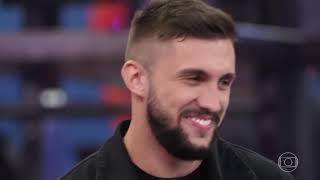 Arthur comenta sua relação com Carla Diaz no BBB21   Domingão do Faustão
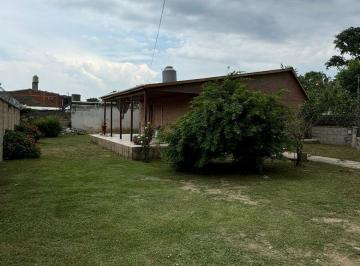 Casa · 219m² · 9 Ambientes · 1 Cochera · Guiñazu - Casa 3 Dorm. - Amplio Lote
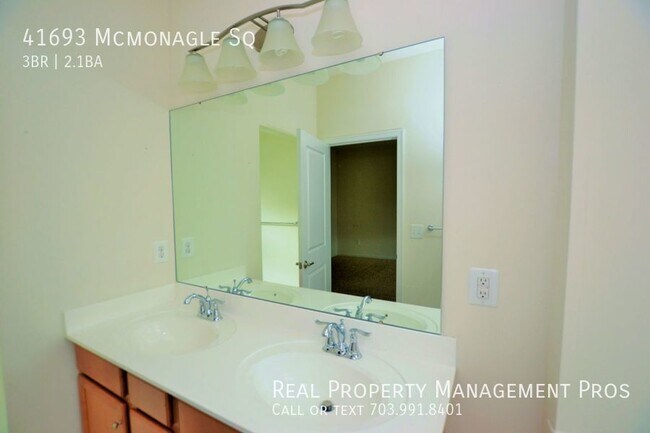 Building Photo - 41693 McMonagle Square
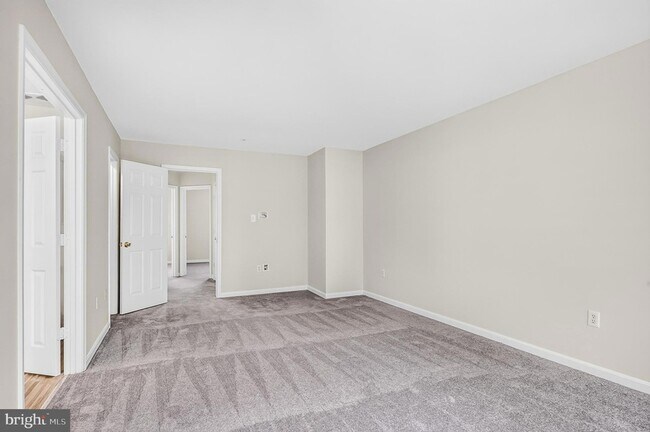 Building Photo - 9743 Quiet Brook Ln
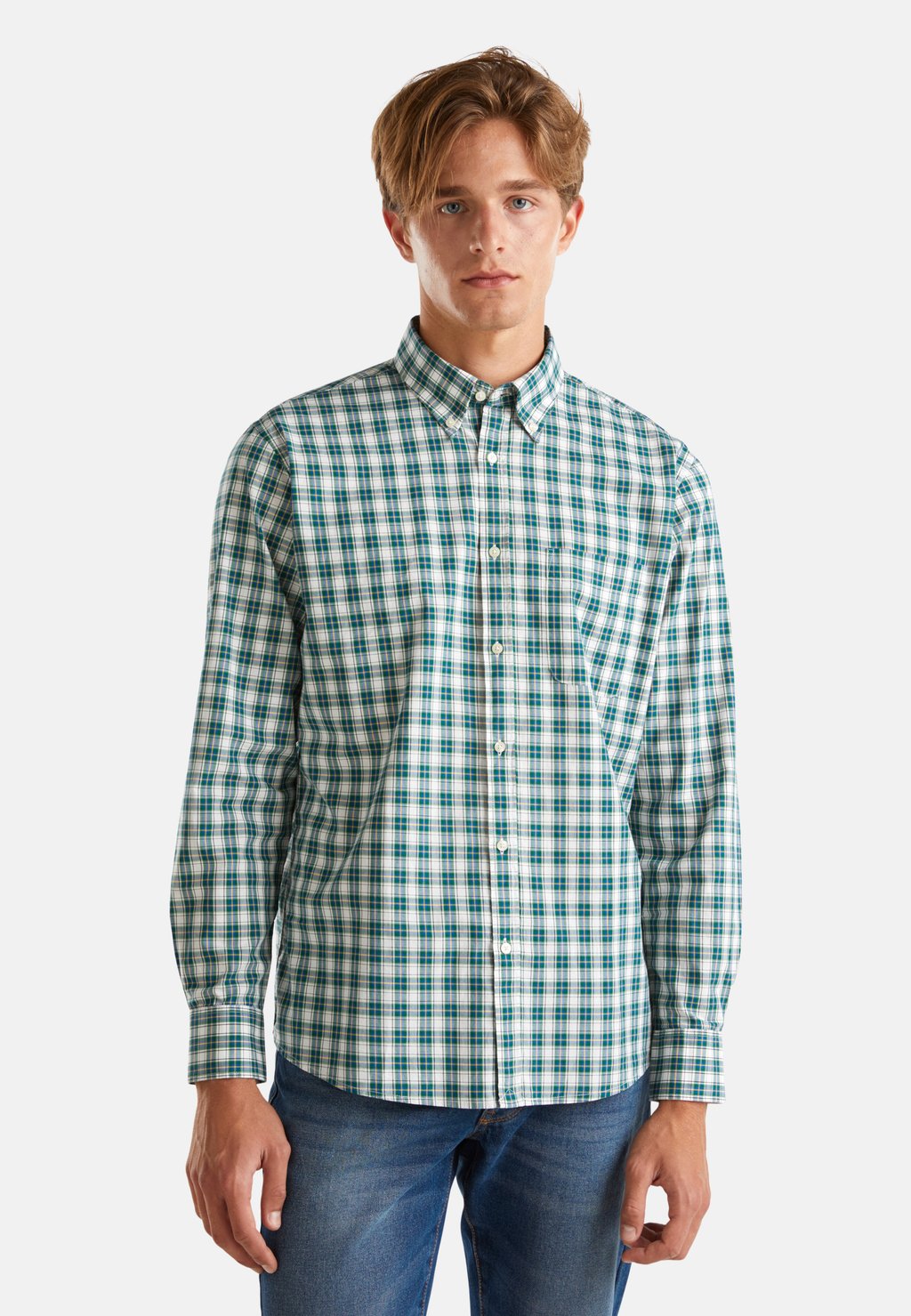 Рубашка CHECK BUTTON COLLAR FRONT POCKET MOTHER OF PEARL BUTTONS REGULAR FIT WITH BACK BOX PLEAT United Colors of Benetton, зеленый
Рубашка CHECK BUTTON COLLAR FRONT POCKET MOTHER OF PEARL BUTTONS REGULAR FIT WITH BACK BOX PLEAT United Colors of Benetton, зеленый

#####

▶ [Exercise brief]:
Please return, exactly and with pictures omitted, the lines from the line holding "Building Photo - 9743 Quiet Brook Ln" through the end of the data above, inclusive.

▶ [Expected answer]:
 Building Photo - 9743 Quiet Brook Ln
 Рубашка CHECK BUTTON COLLAR FRONT POCKET MOTHER OF PEARL BUTTONS REGULAR FIT WITH BACK BOX PLEAT United Colors of Benetton, зеленый
Рубашка CHECK BUTTON COLLAR FRONT POCKET MOTHER OF PEARL BUTTONS REGULAR FIT WITH BACK BOX PLEAT United Colors of Benetton, зеленый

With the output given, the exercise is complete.